## What to produce
From the records below, output exactly the lines running from the line containing "The Tiny Llama" through the line containing "That's all there", and no others.

(Dataset items)
----------
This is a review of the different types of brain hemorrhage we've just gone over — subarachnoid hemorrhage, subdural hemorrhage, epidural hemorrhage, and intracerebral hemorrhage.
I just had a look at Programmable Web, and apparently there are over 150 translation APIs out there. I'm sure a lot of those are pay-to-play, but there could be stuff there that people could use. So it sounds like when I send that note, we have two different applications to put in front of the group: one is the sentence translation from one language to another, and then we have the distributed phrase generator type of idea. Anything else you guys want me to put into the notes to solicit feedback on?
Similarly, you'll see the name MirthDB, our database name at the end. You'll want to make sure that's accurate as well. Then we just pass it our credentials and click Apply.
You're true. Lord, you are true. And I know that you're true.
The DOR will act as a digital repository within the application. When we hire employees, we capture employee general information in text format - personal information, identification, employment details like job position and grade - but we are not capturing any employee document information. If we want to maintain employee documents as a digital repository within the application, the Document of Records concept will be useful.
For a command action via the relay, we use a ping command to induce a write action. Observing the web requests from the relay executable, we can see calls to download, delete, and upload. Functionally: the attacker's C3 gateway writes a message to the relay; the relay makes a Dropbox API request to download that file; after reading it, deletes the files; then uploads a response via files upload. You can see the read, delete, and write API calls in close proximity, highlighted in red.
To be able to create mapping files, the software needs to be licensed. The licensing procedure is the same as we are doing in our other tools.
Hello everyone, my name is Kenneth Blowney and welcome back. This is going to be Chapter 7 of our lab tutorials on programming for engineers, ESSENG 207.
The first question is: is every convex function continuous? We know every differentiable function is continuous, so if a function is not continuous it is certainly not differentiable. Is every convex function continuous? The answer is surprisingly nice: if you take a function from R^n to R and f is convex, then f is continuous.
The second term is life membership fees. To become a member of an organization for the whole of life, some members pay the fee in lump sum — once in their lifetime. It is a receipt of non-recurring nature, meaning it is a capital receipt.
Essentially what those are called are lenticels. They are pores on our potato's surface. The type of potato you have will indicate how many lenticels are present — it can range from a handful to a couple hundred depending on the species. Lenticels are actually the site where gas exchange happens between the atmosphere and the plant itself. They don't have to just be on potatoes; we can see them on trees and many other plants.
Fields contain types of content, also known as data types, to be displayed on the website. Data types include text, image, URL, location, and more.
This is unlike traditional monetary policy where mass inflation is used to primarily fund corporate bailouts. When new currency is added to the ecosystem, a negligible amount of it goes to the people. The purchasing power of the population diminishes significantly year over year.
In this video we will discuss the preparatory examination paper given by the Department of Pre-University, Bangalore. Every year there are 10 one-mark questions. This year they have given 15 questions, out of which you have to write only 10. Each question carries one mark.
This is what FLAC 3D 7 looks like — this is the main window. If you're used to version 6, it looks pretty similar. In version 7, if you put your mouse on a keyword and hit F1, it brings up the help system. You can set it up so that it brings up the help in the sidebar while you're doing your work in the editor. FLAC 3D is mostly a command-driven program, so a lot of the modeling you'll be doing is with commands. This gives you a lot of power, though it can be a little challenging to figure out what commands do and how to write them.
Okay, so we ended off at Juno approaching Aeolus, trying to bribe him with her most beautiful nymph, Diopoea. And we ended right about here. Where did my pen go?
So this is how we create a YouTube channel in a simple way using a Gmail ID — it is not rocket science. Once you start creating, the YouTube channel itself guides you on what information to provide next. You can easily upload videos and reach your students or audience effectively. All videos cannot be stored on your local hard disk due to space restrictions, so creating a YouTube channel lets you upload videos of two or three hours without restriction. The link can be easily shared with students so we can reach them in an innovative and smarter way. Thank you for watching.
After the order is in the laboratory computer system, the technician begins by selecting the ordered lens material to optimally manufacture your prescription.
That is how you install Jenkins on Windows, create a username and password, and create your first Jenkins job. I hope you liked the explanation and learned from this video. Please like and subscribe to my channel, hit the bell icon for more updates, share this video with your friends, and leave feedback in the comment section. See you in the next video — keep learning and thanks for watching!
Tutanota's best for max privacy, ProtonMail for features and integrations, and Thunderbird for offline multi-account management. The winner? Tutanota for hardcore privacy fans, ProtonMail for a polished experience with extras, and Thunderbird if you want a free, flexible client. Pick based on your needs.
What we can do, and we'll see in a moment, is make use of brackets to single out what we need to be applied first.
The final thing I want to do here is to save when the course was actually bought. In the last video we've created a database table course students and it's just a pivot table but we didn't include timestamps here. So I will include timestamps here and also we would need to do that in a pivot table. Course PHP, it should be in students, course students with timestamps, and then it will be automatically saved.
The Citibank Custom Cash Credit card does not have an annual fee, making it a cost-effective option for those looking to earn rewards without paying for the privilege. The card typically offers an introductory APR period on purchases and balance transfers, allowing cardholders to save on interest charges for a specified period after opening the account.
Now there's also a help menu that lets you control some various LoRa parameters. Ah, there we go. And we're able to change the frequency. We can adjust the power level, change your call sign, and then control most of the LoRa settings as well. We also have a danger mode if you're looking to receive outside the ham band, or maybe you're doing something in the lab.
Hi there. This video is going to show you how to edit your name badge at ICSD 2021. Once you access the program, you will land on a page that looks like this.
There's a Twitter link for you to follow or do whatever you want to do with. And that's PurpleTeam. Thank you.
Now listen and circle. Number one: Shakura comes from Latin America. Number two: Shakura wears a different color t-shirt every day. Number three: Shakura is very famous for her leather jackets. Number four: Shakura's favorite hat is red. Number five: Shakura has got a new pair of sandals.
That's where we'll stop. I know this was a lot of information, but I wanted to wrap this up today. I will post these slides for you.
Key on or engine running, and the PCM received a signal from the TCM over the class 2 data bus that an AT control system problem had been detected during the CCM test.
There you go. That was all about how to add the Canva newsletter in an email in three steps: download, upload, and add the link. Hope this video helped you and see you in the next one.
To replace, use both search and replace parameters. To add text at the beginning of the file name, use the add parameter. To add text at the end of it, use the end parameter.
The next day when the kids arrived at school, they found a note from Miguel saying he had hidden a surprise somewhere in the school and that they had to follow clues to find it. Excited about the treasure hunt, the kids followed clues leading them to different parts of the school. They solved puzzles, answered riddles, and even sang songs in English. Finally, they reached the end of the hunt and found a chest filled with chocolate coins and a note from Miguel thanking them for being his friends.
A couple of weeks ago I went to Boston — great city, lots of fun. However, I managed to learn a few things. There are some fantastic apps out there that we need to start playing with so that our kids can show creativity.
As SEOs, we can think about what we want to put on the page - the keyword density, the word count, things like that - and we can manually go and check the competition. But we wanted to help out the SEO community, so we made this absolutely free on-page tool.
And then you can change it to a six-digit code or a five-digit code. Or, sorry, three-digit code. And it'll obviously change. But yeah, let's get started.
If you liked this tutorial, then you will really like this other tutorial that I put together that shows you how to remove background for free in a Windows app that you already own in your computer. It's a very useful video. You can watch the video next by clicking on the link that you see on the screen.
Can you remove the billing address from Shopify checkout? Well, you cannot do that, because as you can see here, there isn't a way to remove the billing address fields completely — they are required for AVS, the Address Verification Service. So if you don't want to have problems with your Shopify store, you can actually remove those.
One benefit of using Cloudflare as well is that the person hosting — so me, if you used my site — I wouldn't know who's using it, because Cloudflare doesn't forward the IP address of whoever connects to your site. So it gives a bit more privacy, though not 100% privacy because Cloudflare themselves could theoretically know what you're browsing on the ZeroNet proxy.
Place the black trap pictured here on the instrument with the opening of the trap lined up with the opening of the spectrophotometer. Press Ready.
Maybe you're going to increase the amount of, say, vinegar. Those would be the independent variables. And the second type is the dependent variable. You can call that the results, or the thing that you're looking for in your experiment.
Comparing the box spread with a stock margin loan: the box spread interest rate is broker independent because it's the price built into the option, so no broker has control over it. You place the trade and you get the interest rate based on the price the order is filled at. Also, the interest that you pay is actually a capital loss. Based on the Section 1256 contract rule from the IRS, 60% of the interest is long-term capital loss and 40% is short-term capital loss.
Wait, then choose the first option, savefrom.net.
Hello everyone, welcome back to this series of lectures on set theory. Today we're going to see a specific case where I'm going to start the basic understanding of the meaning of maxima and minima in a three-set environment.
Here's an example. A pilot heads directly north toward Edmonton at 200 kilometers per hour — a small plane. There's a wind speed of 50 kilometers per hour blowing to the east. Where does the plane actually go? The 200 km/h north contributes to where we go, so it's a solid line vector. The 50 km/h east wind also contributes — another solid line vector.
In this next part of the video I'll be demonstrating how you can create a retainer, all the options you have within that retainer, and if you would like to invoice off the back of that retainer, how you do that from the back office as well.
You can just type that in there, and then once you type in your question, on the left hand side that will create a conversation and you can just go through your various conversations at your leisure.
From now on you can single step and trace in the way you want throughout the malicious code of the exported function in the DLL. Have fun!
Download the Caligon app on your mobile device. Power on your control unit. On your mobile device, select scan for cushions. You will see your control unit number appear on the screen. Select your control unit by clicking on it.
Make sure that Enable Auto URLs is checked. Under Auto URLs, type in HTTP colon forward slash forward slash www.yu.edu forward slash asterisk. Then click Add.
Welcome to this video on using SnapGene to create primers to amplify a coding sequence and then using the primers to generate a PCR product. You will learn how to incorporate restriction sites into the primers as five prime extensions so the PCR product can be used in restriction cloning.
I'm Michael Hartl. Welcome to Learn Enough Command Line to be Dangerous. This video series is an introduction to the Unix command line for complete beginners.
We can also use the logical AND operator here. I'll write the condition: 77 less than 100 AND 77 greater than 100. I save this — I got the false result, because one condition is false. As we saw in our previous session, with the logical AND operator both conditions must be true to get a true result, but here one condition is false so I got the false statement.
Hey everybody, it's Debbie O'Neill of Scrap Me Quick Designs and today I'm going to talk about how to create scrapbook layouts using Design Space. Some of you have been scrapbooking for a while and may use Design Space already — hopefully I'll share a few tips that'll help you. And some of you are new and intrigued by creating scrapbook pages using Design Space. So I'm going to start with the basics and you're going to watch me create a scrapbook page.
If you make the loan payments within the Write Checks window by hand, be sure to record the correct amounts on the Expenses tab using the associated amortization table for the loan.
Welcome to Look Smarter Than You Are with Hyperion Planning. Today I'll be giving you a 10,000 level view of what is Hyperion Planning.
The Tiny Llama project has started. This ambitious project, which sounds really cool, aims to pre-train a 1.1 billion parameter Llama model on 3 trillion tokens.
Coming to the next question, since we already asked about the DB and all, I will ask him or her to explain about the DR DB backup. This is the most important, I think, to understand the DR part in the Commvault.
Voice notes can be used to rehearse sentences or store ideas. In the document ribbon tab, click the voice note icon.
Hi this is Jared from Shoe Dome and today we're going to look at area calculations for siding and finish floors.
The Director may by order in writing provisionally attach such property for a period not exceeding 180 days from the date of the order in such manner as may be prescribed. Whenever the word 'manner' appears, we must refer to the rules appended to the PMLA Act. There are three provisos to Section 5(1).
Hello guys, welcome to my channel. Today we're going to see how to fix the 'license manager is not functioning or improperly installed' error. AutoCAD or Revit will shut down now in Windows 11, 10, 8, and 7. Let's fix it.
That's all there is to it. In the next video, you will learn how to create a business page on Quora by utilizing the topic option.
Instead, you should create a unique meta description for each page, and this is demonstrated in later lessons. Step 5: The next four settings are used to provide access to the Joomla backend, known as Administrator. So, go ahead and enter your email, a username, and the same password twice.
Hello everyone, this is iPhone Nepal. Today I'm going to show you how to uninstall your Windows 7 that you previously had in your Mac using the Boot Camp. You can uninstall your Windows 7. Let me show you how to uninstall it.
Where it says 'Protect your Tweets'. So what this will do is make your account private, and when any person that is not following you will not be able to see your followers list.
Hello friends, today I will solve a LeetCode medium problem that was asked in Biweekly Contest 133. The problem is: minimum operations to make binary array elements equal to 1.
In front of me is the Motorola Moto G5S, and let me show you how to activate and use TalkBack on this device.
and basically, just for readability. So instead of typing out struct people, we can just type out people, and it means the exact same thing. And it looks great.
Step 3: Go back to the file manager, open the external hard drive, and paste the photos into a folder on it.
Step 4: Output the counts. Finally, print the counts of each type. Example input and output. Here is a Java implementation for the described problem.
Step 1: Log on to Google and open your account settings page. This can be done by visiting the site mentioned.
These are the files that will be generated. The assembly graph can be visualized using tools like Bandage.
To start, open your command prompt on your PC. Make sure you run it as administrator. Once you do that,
----------
## Finished task
The Tiny Llama project has started. This ambitious project, which sounds really cool, aims to pre-train a 1.1 billion parameter Llama model on 3 trillion tokens.
Coming to the next question, since we already asked about the DB and all, I will ask him or her to explain about the DR DB backup. This is the most important, I think, to understand the DR part in the Commvault.
Voice notes can be used to rehearse sentences or store ideas. In the document ribbon tab, click the voice note icon.
Hi this is Jared from Shoe Dome and today we're going to look at area calculations for siding and finish floors.
The Director may by order in writing provisionally attach such property for a period not exceeding 180 days from the date of the order in such manner as may be prescribed. Whenever the word 'manner' appears, we must refer to the rules appended to the PMLA Act. There are three provisos to Section 5(1).
Hello guys, welcome to my channel. Today we're going to see how to fix the 'license manager is not functioning or improperly installed' error. AutoCAD or Revit will shut down now in Windows 11, 10, 8, and 7. Let's fix it.
That's all there is to it. In the next video, you will learn how to create a business page on Quora by utilizing the topic option.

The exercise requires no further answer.